Work task: Aim for an exact copy of the listing, without any images.

Provided data:
# # #

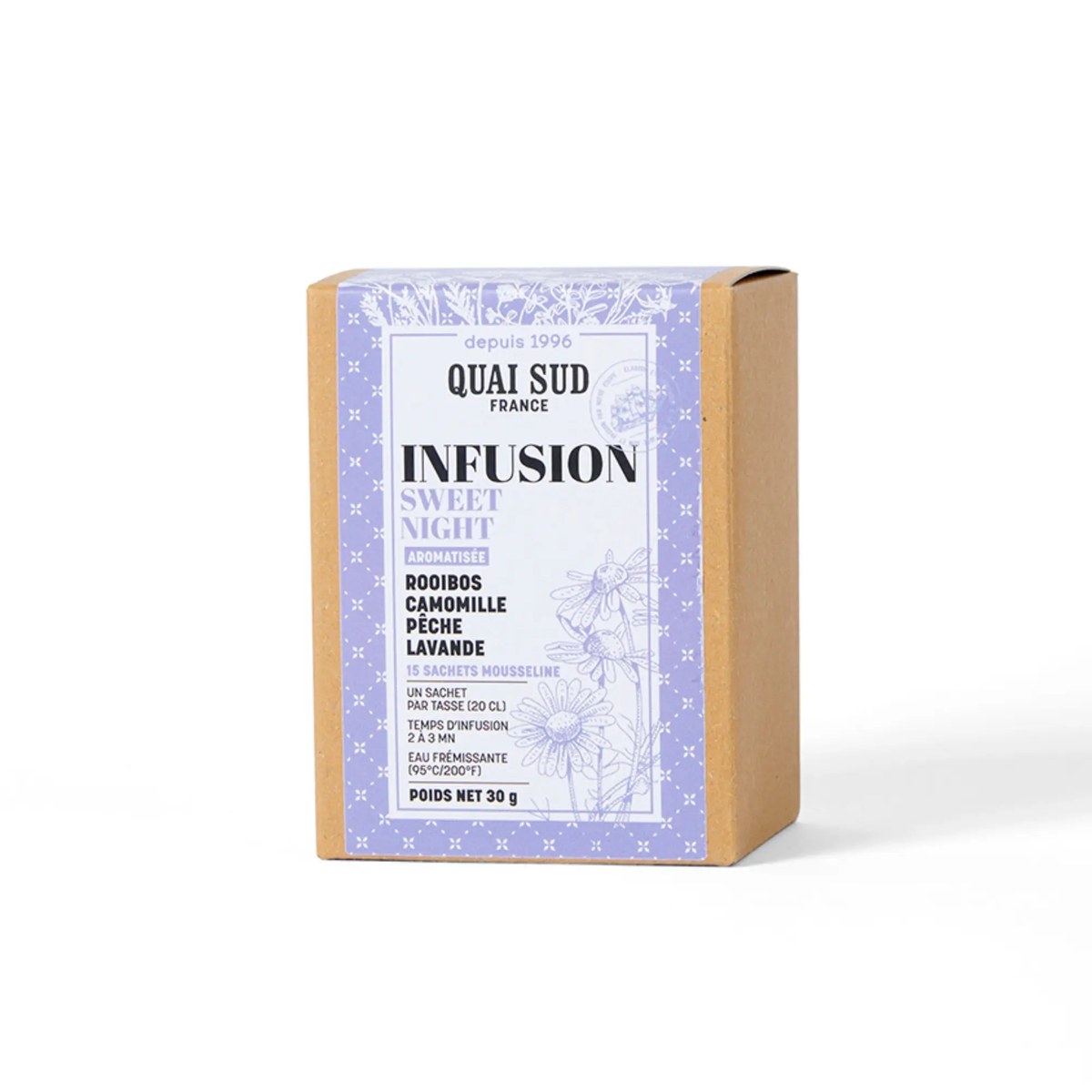 Infusion « Sweet Night! » (Camomille - Pêche - Lavande) 15 Infusettes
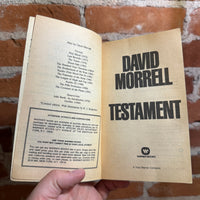 Testament - David Morrell - 1993 Warner Books Paperback - Don Banks Cover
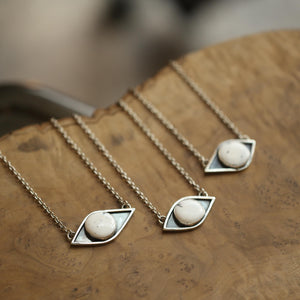 White Buffalo Pendant - Sterling Silver - White Buffalo Necklace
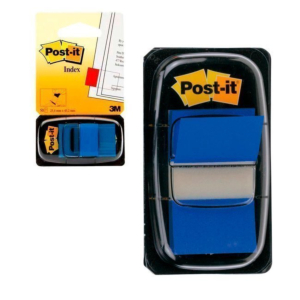MARCAPÁGINAS POST-IT INDEX 25,4X43MM AZUL (50 INDEX)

# # #

Reply to the exercise:
 Infusion « Sweet Night! » (Camomille - Pêche - Lavande) 15 Infusettes
 Testament - David Morrell - 1993 Warner Books Paperback - Don Banks Cover
 White Buffalo Pendant - Sterling Silver - White Buffalo Necklace
MARCAPÁGINAS POST-IT INDEX 25,4X43MM AZUL (50 INDEX)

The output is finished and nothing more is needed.